Dalai Lama plot claim groundless: China

May 14, 2012 07:07 pm | Updated July 11, 2016 05:19 pm IST - BEIJING

China on Monday described as “groundless” claims made by the Dalai Lama on an assassination plot being hatched by Chinese agents.

The Foreign Ministry said the Dalai Lama was “spreading rumours to draw public attention”, when asked about comments made by the Tibetan religious leader stating that he had been made aware of unconfirmed reports of a plot to poison him.

“His sensational allegations are not worth refuting,” said Foreign Ministry spokesperson Hong Lei at a briefing. “In a religious cloak, the Dalai Lama has been engaged in anti-China separatist activities internationally. He is spreading rumours to draw public attention.”

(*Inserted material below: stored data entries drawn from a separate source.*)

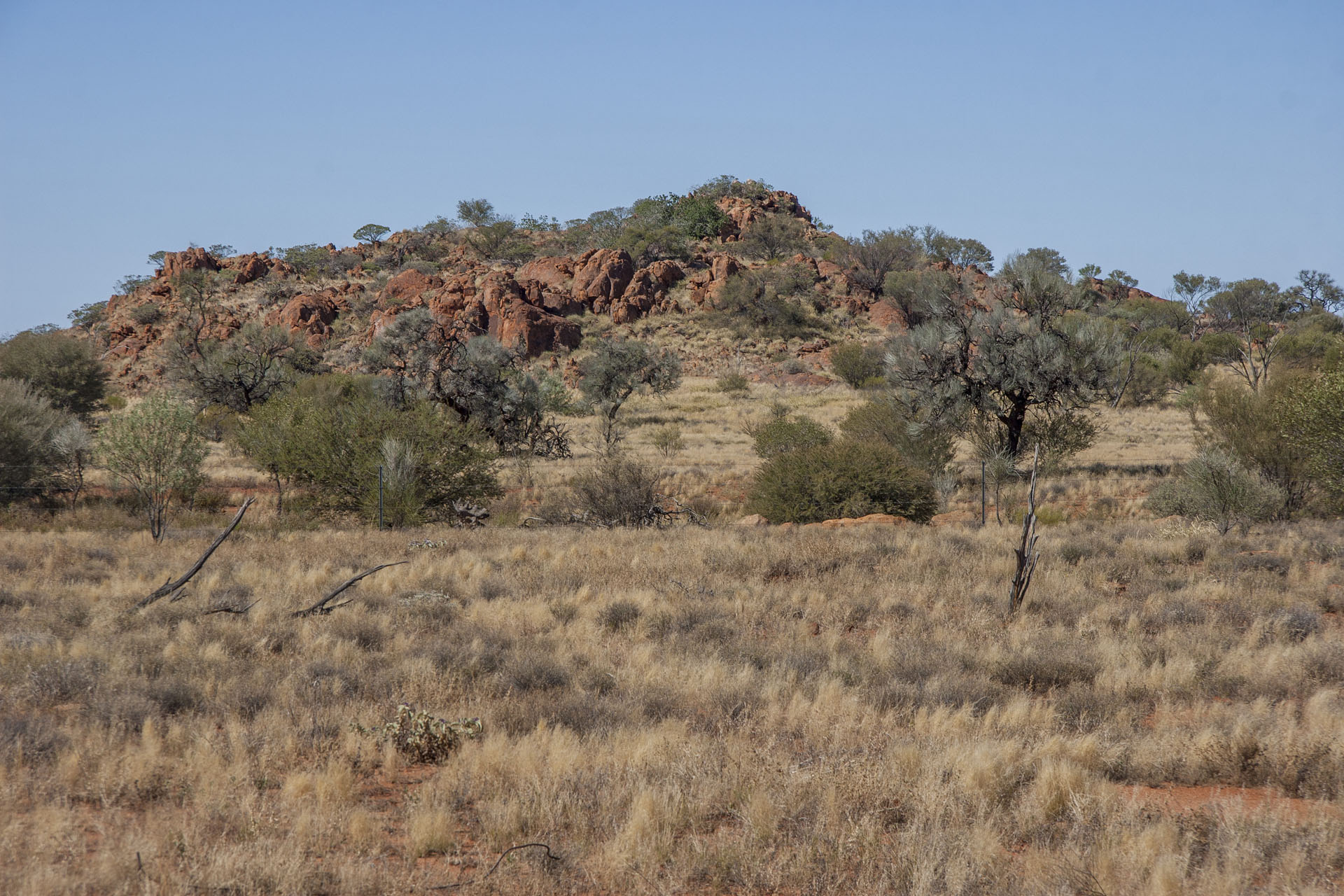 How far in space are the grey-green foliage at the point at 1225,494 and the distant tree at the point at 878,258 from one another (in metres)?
65.2

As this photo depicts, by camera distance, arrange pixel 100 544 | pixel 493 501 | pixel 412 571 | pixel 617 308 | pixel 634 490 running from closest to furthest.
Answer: pixel 412 571 → pixel 100 544 → pixel 634 490 → pixel 493 501 → pixel 617 308

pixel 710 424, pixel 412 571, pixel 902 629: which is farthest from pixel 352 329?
pixel 902 629

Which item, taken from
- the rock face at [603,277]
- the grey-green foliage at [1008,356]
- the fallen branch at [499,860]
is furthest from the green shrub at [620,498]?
the rock face at [603,277]

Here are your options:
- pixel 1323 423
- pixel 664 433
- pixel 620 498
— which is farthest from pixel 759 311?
pixel 1323 423

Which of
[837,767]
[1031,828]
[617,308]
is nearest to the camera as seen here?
[1031,828]

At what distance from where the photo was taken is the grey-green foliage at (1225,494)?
1941 centimetres

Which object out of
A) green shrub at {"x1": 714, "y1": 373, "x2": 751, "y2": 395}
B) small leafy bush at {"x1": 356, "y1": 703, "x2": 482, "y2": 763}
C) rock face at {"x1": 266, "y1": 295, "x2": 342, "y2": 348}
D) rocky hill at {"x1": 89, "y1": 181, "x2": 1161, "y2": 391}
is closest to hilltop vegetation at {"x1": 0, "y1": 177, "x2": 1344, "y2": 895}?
small leafy bush at {"x1": 356, "y1": 703, "x2": 482, "y2": 763}

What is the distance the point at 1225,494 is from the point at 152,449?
2412cm

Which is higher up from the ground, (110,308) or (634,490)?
(110,308)

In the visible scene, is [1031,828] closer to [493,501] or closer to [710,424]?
[493,501]

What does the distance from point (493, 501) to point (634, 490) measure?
5724 millimetres

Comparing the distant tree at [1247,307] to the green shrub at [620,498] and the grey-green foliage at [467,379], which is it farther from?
the green shrub at [620,498]

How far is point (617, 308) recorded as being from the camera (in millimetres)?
76875

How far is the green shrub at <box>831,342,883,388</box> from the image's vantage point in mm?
61094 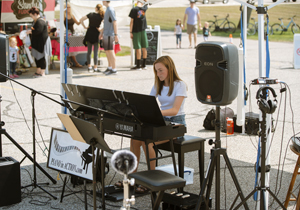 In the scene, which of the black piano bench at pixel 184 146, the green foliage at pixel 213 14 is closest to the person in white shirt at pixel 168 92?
the black piano bench at pixel 184 146

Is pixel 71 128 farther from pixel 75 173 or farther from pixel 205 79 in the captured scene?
pixel 205 79

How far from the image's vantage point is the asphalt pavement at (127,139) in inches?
195

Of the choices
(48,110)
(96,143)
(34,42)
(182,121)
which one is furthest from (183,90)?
(34,42)

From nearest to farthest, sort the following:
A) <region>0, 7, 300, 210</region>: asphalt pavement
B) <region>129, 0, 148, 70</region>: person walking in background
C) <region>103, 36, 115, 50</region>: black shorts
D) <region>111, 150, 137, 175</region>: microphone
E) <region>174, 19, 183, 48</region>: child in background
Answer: <region>111, 150, 137, 175</region>: microphone → <region>0, 7, 300, 210</region>: asphalt pavement → <region>103, 36, 115, 50</region>: black shorts → <region>129, 0, 148, 70</region>: person walking in background → <region>174, 19, 183, 48</region>: child in background

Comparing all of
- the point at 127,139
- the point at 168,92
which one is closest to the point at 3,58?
the point at 168,92

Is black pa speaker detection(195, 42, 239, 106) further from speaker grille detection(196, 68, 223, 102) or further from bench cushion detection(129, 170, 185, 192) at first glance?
bench cushion detection(129, 170, 185, 192)

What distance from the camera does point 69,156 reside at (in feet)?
16.2

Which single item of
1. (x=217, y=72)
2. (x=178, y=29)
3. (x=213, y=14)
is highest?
(x=213, y=14)

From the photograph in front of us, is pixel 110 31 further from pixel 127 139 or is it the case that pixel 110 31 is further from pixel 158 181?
pixel 158 181

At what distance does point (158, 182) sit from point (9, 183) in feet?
6.12

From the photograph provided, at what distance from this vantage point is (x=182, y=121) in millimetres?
5301

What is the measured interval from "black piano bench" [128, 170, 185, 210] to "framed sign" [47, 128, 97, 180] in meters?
0.92

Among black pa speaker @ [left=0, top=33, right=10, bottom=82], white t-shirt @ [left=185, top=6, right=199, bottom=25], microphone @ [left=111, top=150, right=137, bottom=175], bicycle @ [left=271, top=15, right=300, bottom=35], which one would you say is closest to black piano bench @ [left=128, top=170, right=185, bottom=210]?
microphone @ [left=111, top=150, right=137, bottom=175]

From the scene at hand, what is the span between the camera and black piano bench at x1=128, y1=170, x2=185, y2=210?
3.68 meters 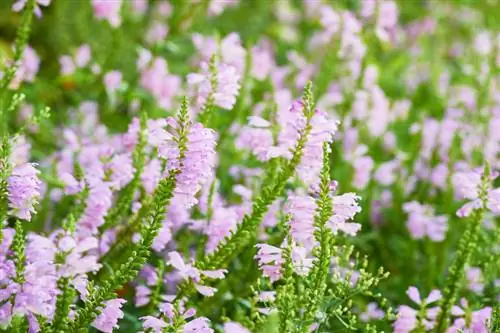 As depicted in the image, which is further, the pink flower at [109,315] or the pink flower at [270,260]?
the pink flower at [270,260]

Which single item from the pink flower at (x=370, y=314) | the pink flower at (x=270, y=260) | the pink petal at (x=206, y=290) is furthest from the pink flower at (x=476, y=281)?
the pink petal at (x=206, y=290)

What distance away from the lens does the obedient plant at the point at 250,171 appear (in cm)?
182

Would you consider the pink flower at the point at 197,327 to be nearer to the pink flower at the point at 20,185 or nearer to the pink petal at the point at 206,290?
the pink petal at the point at 206,290

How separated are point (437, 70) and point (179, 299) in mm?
3016

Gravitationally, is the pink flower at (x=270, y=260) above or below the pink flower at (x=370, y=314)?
below

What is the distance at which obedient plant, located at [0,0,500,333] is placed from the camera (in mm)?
1818

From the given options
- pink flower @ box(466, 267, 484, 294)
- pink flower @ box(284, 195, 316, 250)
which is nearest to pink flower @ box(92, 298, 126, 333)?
pink flower @ box(284, 195, 316, 250)

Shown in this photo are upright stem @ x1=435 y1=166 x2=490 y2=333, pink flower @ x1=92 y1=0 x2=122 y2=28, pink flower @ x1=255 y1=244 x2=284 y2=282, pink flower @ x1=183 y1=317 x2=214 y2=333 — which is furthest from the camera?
pink flower @ x1=92 y1=0 x2=122 y2=28

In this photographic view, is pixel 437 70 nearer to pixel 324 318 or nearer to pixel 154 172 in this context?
pixel 154 172

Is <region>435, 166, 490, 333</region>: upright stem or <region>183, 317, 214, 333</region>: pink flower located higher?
<region>435, 166, 490, 333</region>: upright stem

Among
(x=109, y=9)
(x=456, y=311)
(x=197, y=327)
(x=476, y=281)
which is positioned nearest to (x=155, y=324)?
(x=197, y=327)

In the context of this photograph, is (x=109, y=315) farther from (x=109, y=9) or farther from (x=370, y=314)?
(x=109, y=9)

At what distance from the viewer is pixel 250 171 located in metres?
3.03

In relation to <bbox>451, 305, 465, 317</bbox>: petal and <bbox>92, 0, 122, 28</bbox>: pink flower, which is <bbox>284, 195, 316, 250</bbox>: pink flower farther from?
<bbox>92, 0, 122, 28</bbox>: pink flower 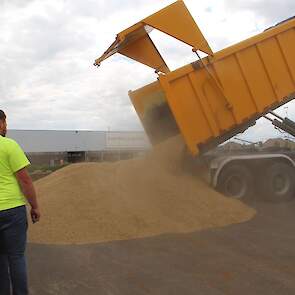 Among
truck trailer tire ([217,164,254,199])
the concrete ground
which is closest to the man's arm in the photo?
the concrete ground

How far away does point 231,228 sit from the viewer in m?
8.16

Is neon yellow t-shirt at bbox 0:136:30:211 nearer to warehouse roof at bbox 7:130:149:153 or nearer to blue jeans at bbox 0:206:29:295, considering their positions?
blue jeans at bbox 0:206:29:295

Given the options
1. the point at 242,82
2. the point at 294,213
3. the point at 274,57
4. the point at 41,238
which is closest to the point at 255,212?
the point at 294,213

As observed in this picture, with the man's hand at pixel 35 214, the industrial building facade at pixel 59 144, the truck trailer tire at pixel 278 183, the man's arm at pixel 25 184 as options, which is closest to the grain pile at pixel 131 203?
the truck trailer tire at pixel 278 183

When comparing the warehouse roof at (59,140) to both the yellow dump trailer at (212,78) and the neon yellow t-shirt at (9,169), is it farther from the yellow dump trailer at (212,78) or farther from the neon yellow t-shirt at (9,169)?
the neon yellow t-shirt at (9,169)

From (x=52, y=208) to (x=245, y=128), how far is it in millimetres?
4725

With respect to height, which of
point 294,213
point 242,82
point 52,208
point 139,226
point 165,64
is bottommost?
point 294,213

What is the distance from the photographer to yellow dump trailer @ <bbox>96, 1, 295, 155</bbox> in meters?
9.73

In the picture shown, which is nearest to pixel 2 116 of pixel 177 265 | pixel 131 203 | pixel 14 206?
pixel 14 206

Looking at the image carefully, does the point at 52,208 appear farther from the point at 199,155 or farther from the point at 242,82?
the point at 242,82

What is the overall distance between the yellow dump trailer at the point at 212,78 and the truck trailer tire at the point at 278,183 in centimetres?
142

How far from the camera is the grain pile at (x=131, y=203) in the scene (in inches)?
312

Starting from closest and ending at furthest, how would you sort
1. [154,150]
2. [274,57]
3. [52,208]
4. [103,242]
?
[103,242] → [52,208] → [274,57] → [154,150]

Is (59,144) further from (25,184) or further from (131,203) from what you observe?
(25,184) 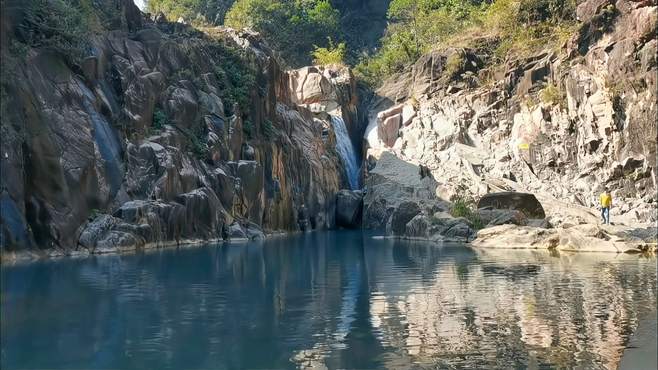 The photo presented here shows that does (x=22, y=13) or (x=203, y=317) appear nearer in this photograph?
(x=203, y=317)

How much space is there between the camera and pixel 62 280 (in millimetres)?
20125

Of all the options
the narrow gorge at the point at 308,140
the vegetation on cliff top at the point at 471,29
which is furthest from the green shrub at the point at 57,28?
the vegetation on cliff top at the point at 471,29

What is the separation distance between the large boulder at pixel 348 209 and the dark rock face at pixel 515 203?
49.1 feet

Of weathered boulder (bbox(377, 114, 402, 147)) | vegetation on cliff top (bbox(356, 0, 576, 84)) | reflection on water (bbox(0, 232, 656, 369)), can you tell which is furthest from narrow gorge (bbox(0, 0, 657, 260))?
reflection on water (bbox(0, 232, 656, 369))

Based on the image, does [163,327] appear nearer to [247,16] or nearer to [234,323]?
[234,323]

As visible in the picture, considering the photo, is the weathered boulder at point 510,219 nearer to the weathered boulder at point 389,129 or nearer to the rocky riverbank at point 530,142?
the rocky riverbank at point 530,142

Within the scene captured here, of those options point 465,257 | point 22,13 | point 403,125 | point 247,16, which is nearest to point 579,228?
point 465,257

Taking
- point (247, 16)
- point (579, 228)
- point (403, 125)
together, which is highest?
point (247, 16)

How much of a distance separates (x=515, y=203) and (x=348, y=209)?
16942 mm

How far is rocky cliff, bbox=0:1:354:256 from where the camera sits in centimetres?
2856

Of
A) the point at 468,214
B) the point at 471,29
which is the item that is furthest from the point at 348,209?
the point at 471,29

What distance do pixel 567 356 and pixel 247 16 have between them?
7630cm

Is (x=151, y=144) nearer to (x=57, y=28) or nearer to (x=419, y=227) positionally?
(x=57, y=28)

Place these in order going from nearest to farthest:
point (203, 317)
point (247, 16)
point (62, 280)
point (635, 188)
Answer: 1. point (203, 317)
2. point (62, 280)
3. point (635, 188)
4. point (247, 16) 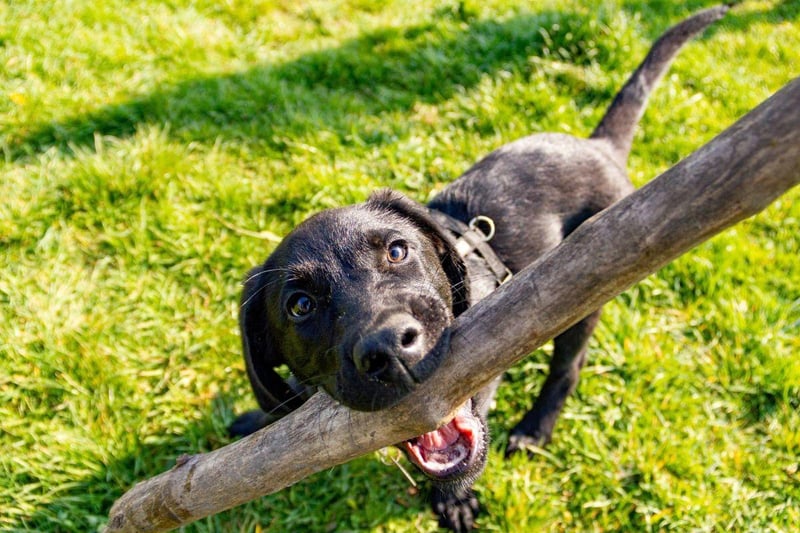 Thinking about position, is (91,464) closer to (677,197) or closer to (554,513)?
(554,513)

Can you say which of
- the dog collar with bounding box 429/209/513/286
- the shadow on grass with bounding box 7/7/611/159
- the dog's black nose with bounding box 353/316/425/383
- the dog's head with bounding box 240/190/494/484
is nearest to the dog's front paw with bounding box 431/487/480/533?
the dog's head with bounding box 240/190/494/484

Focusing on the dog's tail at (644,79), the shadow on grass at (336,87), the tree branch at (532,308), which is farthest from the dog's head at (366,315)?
the shadow on grass at (336,87)

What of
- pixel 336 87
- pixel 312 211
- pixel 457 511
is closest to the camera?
pixel 457 511

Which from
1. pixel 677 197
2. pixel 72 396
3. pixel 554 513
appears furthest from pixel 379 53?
pixel 677 197

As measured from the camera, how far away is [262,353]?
2.65m

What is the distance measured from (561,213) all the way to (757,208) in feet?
5.65

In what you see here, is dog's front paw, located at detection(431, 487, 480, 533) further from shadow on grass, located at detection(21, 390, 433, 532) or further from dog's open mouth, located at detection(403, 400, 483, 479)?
dog's open mouth, located at detection(403, 400, 483, 479)

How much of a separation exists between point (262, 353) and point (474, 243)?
1.00m

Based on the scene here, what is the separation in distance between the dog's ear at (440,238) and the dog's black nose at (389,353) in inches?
A: 30.8

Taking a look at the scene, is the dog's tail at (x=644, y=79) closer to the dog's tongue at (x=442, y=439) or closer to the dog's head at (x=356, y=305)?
the dog's head at (x=356, y=305)

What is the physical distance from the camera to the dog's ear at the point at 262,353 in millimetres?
2484

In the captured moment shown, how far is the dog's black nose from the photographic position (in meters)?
1.77

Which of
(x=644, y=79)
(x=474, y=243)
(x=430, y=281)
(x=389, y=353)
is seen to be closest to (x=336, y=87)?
(x=644, y=79)

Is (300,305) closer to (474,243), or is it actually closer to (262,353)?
(262,353) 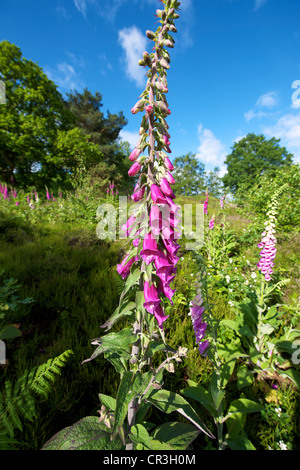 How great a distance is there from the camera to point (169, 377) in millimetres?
1991

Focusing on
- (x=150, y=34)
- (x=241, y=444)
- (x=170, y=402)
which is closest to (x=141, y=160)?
(x=150, y=34)

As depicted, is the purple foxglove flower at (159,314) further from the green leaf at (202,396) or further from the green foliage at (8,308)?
the green foliage at (8,308)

Mr. Hong said the Dalai Lama had made “groundless remarks”. The Dalai Lama told the British newspaper The Telegraph last week that he had “received some sort of information from Tibet” about a plot, though his aides said there had been no confirmed reports.

“Some Chinese agents training some Tibetans, especially women, you see, using poison — the hair poisoned, and the scarf poisoned — they were supposed to seek blessing from me, and my hand touch,” said the Dalai Lama.

The Communist Party-run Global Times newspaper hit out at the Dalai Lama for deciding “to openly speak of this unconfirmed information”.

“He spread the information of this kind at his pleasure, even more enthusiastically than the other ordinary Tibetan monks in exile,” it said in an editorial. “In fact, some of the rumours related to Tibet originated from the Dalai Lama. Let's put it simply: If the central government wanted to “eliminate” the Dalai Lama, why has it waited for such a long time? Isn't it foolish to take action against Dalai at such an old age?”

His claims were not credible, it said, “because there is no benefit for Chinese agents to poison him, but also because of the fact that since the establishment of the People's Republic of China, the country has never assassinated its political opponents in exile.”

“Let the Dalai live his life,” said the editorial. “His existence is not a crisis for China. He is a problem, but one that China can well afford to ignore.”

Xiong Kunxin, a professor of Minzu University, a government-run institution that specialises on studies related to China's ethnic minorities, told the newspaper that the Dalai Lama “may try to create chaos before the 18th National Congress” of the Communist Party, which will see a once-in-decade leadership transition later this year, by “[plotting] more separatist acts, such as instigating self-immolation and provoking violence.”

Chinese officials have accused the Dalai Lama and exiled monks in India of plotting the more than 30 self-immolation protests seen in Tibetan areas in China over the past year. While the Dalai Lama has expressed sympathy with the monks involved in the immolations, he has blamed restrictive religious policies for triggering the incidents and has said he did not encourage the acts. The Dalai Lama has stressed he is only seeking genuine autonomy for Tibetans in China, and not independence.